FISCAL SYSTEM iii. ISLAMIC PERIOD

 

FISCAL SYSTEM

iii. ISLAMIC PERIOD

"Fiscal system” may be defined as the apparatus or bureaucracy installed by a state or a ruler in order to take in revenue in the form of taxes, dues, and so on, and also the apparatus designed to control expenditures. Such a system can be studied in at least three aspects: First, its relationship to the ruler or the government; second, its relationship to those groups in the population who serve as sources of revenue (“taxpayers”); and third, the policies it develops in its own interests. The first aspect concentrates on the task the fiscal administration is assigned: raising sufficient revenue to cover expected expenses (or to limit expenses according to income). The focus in this case is on the central administration where political decisions are made and where the final accounting takes place. The second aspect concentrates on the practical process of raising revenue. Thus, the focus should be on the provinces and on the face-to-face contact between fiscal agents and the “taxpayers.” The third aspect concentrates on the fiscal administration itself, the social background of the fiscal agents, and the good or bad functioning of the apparatus viewed as a social organism in its own right. It is the first aspect that has dominated research; in this article, an additional focus will be given to the “provincial” aspect.

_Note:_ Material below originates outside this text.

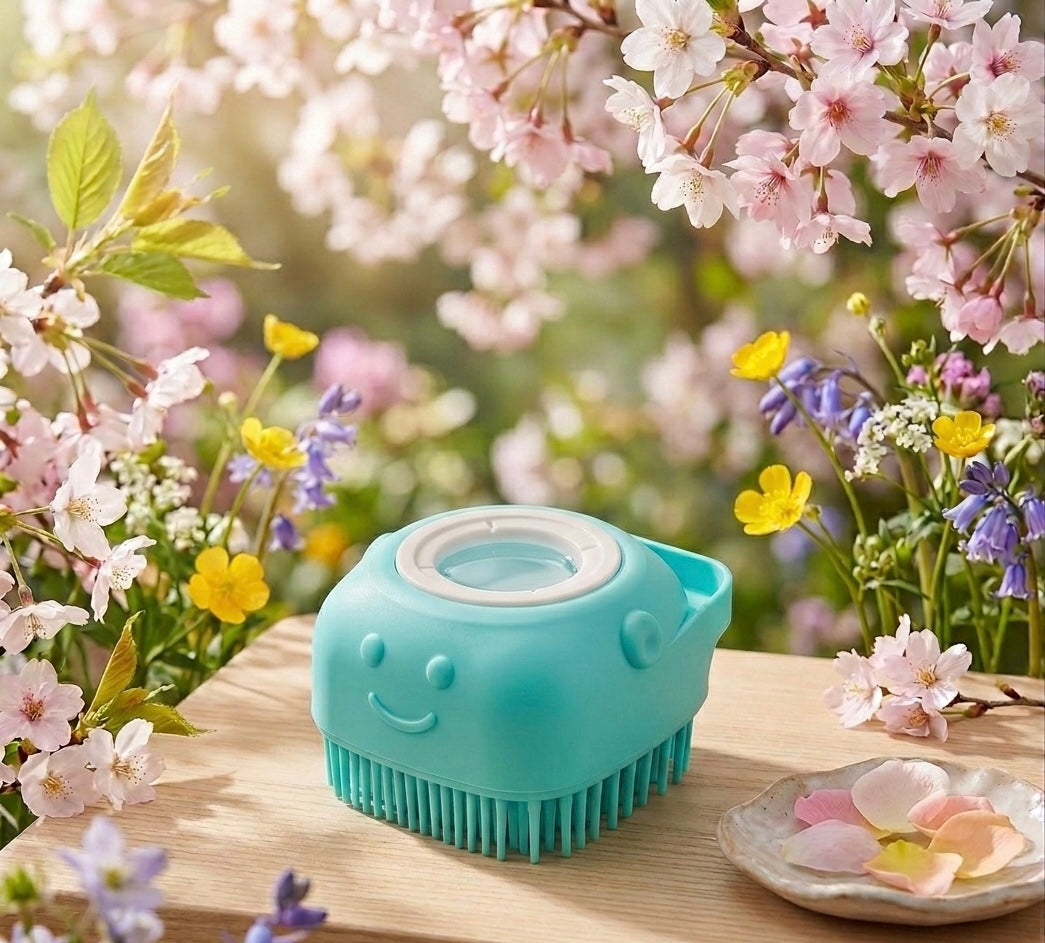 Brosse avec réservoir de shampoing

Many towns and regions in Persia (apart from the Iraqi lowlands which had been part of the Sasanian empire) surrendered to the Arabs on the basis of treaties which stipulated payment of a fixed sum (tribute) and delivery of goods and services in return for “peace” (security of life and property) and religious freedom. In the first decades after the conquest, these treaties served as a starting point for the nascent Muslim administration of Persia. In many regions, the collecting of the tribute remained in the hands of the local officials or “gentry” (dahāqīn; see Lambton, Landlord and Peasant, pp. 23 ff; Sourdel, p. 581; Daniel, pp. 194-98; Dennett, pp. 116-28; see DEHQĀN). The Arab governors only took the monies from them. The dahāqˊīn still were responsible for the total amount of the assessed taxes even after the system was changed from tribute in a lump sum to something closer to a land tax, above all in Khorasan (Athamina, pp. 275 f.). The importance of the local element is also shown by the fact that the language of taxation and the registers was changed into Arabic considerably later than in Iraq (in 121/739 in Khorasan). The Iranian provinces seem to have been a major source of revenue very early on (Dennett, p. 117; Rotter, pp 63 f.); in early ʿAbbasid times, they must have yielded more than the Iraqi lowlands (list of revenues by provinces, Spuler, Iran, pp. 467-76). How was this revenue raised and how was it accounted for in the central administration?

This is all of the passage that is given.